Bus Loading - in order to achieve full bus bandwidth from the memory system when using nibble mode it is necessary to have at least two memory controllers on the bus. This increases bus length and capacitive loading somewhat, but in the propagation mode bus scheme should pose no great problem.
Packaging
The most attractive form of packaging for the DRAMs is in SIP (Single Inline Package) or SIMM (Single Inline Memory Module) form. The SIP package has leads while the SIMM one has a card edge style connector and requires a socket. In both of these package styles one can buy modules with eight or nine RAMs, mounted on one or both sides, with the die arranged with their long edge horizontal or vertical. According to one rep 90% of the sales go to single-sided 8 or 9 RAM modules with the die vertically mounted. Using this style of module will cause board spacing problems. It would be preferable not to use two board slots to accommodate the RAMs. Information will soon be available on angled sockets for reducing RAM height.
Drive Considerations
The RAM modules have a capacitance of 80pF for some of their input lines. Eight such modules in parallel will total nearly 700pF. It seems clear that some sort of external buffer will be necessary to drive this load. There are two main problems to worry about when driving such loads. The first is ground bounce. The currents one encounters when driving ten 700pF address lines can be enormous resulting in large voltage differences between ground on the driving chip and ground on the RAM. This can cause all sorts of problems which result in loss of data. To solve this problem one need only ensure that half of the RAMs are driven with the address while the other half of the RAMs are driven with the complement of the address. In such a system the currents in the ground plane sum to zero and there is very little potential difference between ground on the driving and receiving chips.

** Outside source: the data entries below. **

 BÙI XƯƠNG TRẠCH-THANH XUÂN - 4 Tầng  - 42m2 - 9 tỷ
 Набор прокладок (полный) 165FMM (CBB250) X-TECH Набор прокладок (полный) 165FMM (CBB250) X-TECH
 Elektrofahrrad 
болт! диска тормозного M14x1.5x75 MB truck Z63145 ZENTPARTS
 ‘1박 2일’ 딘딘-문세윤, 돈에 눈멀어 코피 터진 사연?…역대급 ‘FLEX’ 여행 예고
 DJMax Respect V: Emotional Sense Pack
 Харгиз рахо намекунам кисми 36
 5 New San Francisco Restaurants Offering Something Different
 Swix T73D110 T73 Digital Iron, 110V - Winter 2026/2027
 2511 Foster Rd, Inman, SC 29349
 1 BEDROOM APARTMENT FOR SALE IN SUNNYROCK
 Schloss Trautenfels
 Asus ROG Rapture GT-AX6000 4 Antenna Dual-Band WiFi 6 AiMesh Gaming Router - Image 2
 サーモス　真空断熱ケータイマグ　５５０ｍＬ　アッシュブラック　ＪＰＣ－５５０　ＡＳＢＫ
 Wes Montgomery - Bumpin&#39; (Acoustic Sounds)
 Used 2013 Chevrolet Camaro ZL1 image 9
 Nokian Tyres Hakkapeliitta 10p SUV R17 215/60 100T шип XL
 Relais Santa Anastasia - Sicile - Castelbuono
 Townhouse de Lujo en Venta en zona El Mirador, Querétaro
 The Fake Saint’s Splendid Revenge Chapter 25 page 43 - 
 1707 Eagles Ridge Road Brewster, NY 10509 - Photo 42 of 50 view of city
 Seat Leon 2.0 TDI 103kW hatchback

The second potential problem associated with driving DRAMs is overshoot (or undershoot). The inductance of the PC board trace and the capacitance of the RAM inputs combine to form a transmission line. If the output impedance of the driver is not matched to the impedance of the line reflection from the end of the line results in overshoot on the driven line. With SIP technology the board spacing will be much closer than conventional DIPs. It may be the case that termination is not needed due to the very short line, but this is not clear. Parts have been purchased to build a test jig to measure the magnitude of this problem.